1- Centralized system: Laravel PHP framework was used to implement it, as it is considered as a popular framework for implementing APIs. MySQL was used for storing access policies.

2- Blockchain Hyperledger: Where data is stored directly in blockchain instead of using an external resource to store policies. Docker was used for Hyperledger nodes.

3- DecStore: which is an implementation of the access control model proposed in this paper.

1,000 files entries were generated, as well as 1,000 users. All users were given access to all files (1,000 × 1,000). Three test cases were performed:

1- Granting a new permission to a file: Which expresses the speed of adding a new access rule for a user x to a file y (1 × 1).

2- Revoking a user’s access completely: Which means revoking all types of access given to a user x to any file in the system (1 × 1000).

3- Validating access: It is the timer required by the system to check if a user x has access to a file y (1 × 1).
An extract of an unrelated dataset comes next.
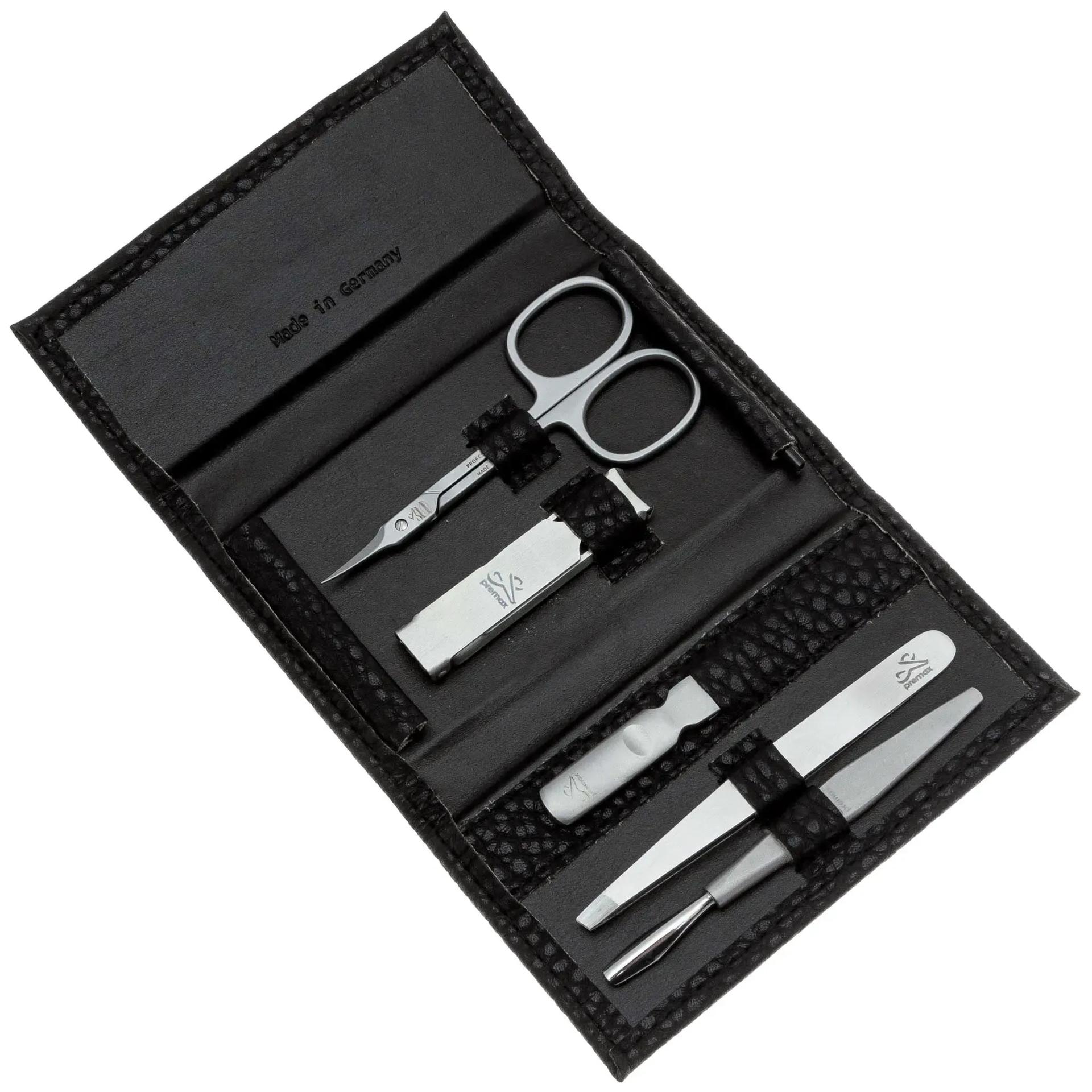 Набор Premax  Black Magic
Obtained experiment results are shown in Table 5.

Table 5

Table 5. Performance tests results.

Another experiment was conducted in order to understand how much storage can be saved when applying the proposed method (DecStore) against storing data directly on blockchain. For this experiment, we considered the case of RBAC. 100 roles are created, along with 1,000 files. Each file can be accessed using one of 10 roles, from these 100 roles. Hyperledger Fabric (Blockchain) is used in this experiment, as in the previous one. The size of data is obtained from the peer nodes, be checking the size of the stored blockchain blocks:

− In case of using DecStore: 592 KB

− In case of using Hyperledger Fabric directly: 5.4 MB

It is important to mention that the roles were assigned directly. It is clear that the storage size in DecStore is significantly smaller than storing on Blockchain directly. Consecutive updating roles and adding more files will result in much bigger size when using Blockchain compared with Decstore. For example, adding or revoking a role from the whole system will require updating all affected files entries on blockchain to add/revoke the required role in the case of Blockchain, which is time consuming and results of having many transactions (storage size), while in DecStore, one transaction is required, which adds–remove the role hash.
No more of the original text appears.